The problem: Starting at the line that contains "Celino 4-Light Bath & Vanity Brushed Nickel" and stopping after the line that contains "Womens Shuto White Puffer Jacket - Image 11", transcribe the listing below exactly; do not include any pictures.

Record excerpts:
>>>>>

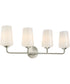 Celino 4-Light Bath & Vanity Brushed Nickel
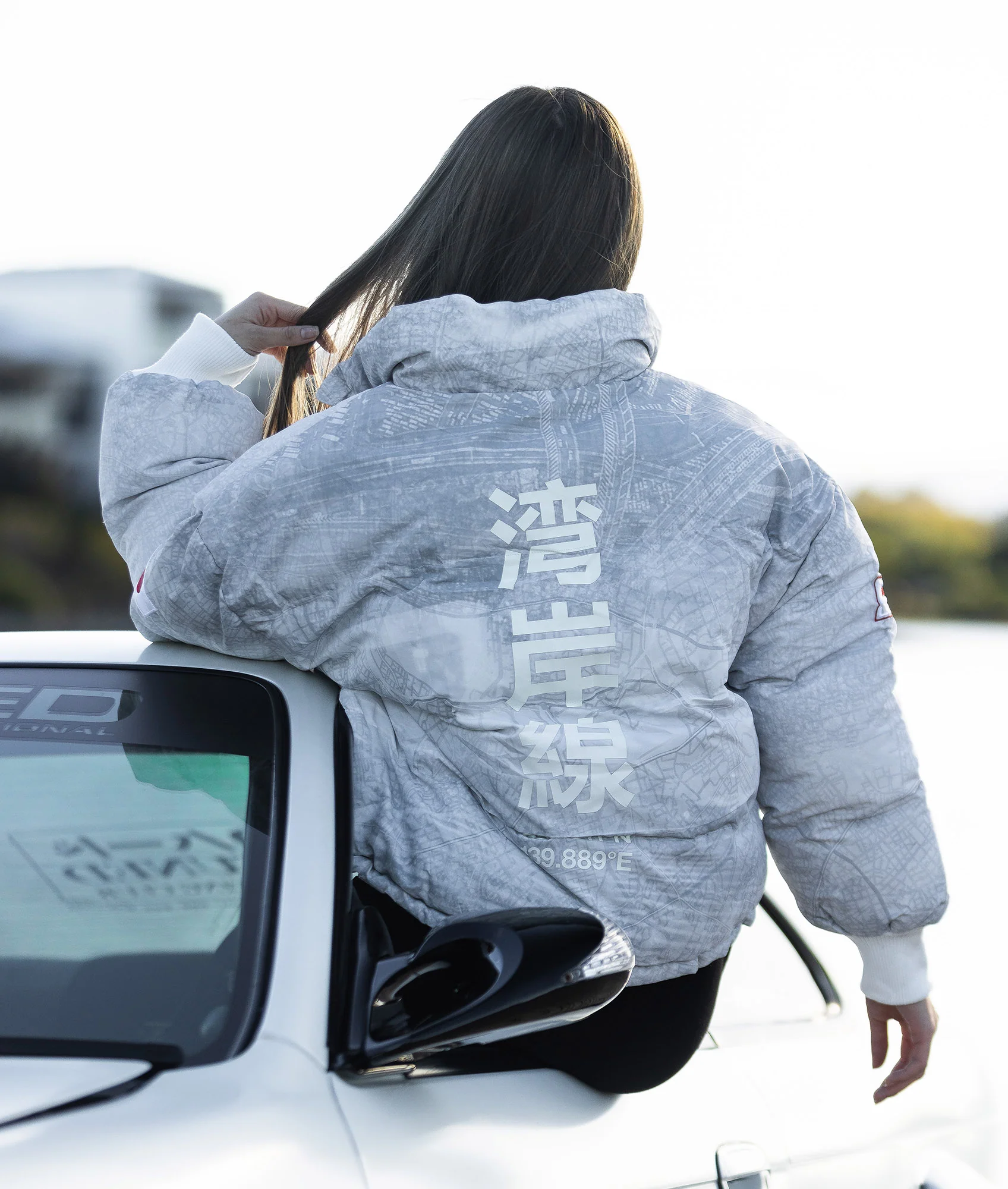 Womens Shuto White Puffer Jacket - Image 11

<<<<<
>>>>>

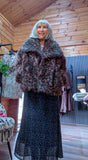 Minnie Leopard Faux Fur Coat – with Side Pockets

<<<<<

Output below:
 Celino 4-Light Bath & Vanity Brushed Nickel
 Womens Shuto White Puffer Jacket - Image 11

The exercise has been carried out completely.